Let’s consider these facts.
- Stocks have performed well under both parties historically.
- The conventional wisdom isn’t always right. Recall that stocks weren’t supposed to do well with a Trump win, as some investors believed a Hillary Clinton presidency would offer continuity… and markets don’t like uncertainty. But market returns under President Trump have been remarkable, making many forget the volatility that immediately followed the 2016 election.
- Compromise and gridlock may engulf a dominant party, as a one-sided win tends to expose party divisions. Remember how Republicans would quickly repeal Obamacare?
Some investors fret that a Biden win would lead to higher corporate taxes and heap more regulations on businesses. However, that is most likely only if there is a Democratic sweep of the presidency and both houses of Congress. It that case, might we see significantly more fiscal stimulus, which could support shares in the near term?
Nevertheless, if Biden is elected, his proposed tax hikes are significant. If passed those tax hikes may impact the earning per share of S&P 500 companies and, consequently, stock prices in the intermediate term… or not. Refer to market performance after the 2016 election.
As far as specific equity sectors, according to JP Morgan’s Meera Pandit, CFA: Policy, not politics, should have a more lasting impact on market returns. Under a second Trump administration, deregulation would likely continue, which has benefited financials and some of the more traditional energy companies. Both administrations would likely pursue large infrastructure packages, which could lift materials and industrials. Both parties have sought anti-trust measures for some of the leading technology companies, so any outcome is likely to put pressure on the technology sector.
Regardless of who is in the White House, should a divided government remain it would likely continue to curtail ambitious policy initiatives of either Trump or Biden.
Longer term, stocks march to the beat of the economy, Fed policy and corporate profits. A growing economy fueled by innovation and entrepreneurship has been the biggest driver of stocks over many decades. That’s not likely to change regardless of who is President.
Final Thoughts
We remain bullish on the long-term prospects for the U.S. economy, yet we are always monitoring short-term risks.

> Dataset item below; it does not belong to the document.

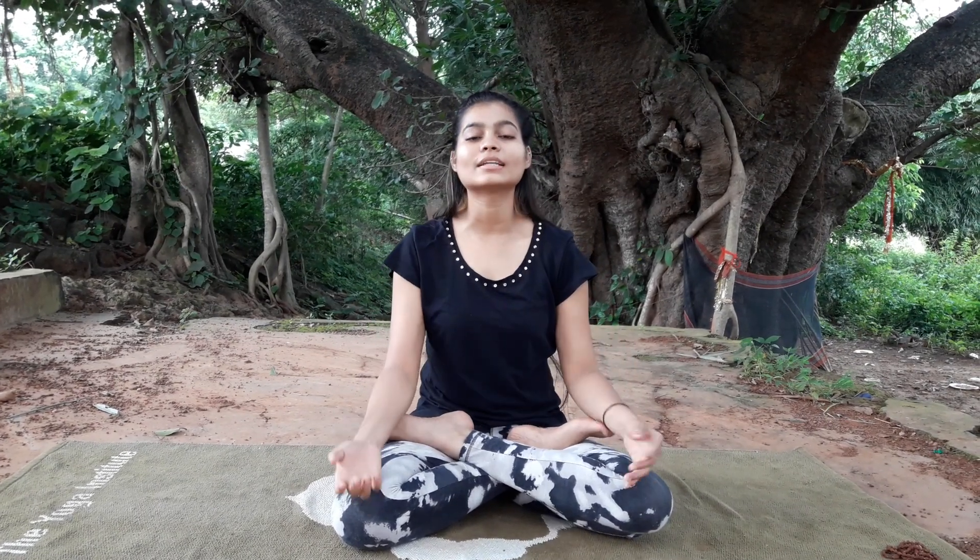Namaste, welcome to my YouTube channel Aham Yogini. This is Rini and you have made it to Day 6. From now on we will begin our journey to Pranayama for some days. Some people think that yoga is equal to asanas, or asanas are equal to yoga, but that's not true. Asanas are just a part of, or one limb of, complete yoga — and Pranayama is rather more important than asanas, which very few people know.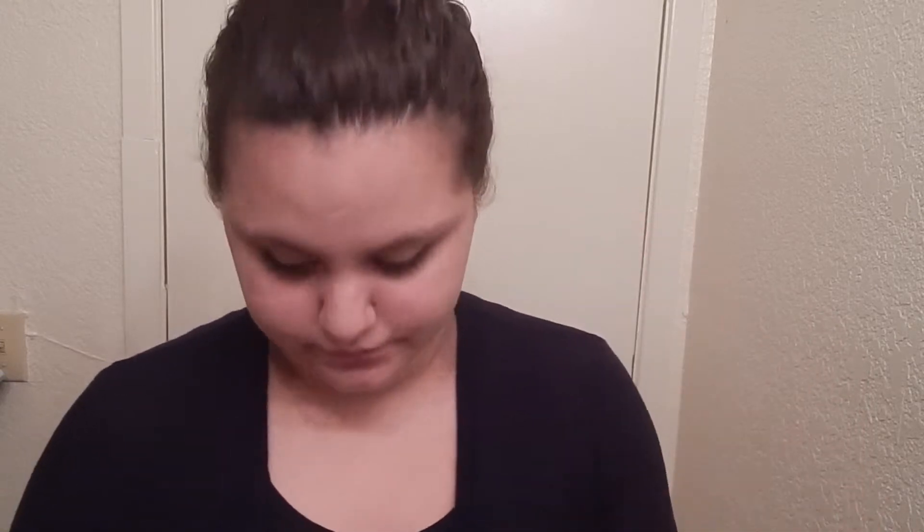But I use three different mascaras. So the first one that I have is the Bad Gal lash mascara. And then I have a Jordana Extreme Length mascara. And then I have the Maybelline Bumped Up one.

While markets don’t always get it right, they attempt to price in the future. Markets are made up of millions of investors that have a financial stake in their decisions. Current price action suggests the economy will continue to improve, though the pace of improvement is uncertain.
The economy may not be the same when the pandemic and election is behind us, but we are a resilient people, we will persevere, and we will adapt. We are all in this… and we will get through it together.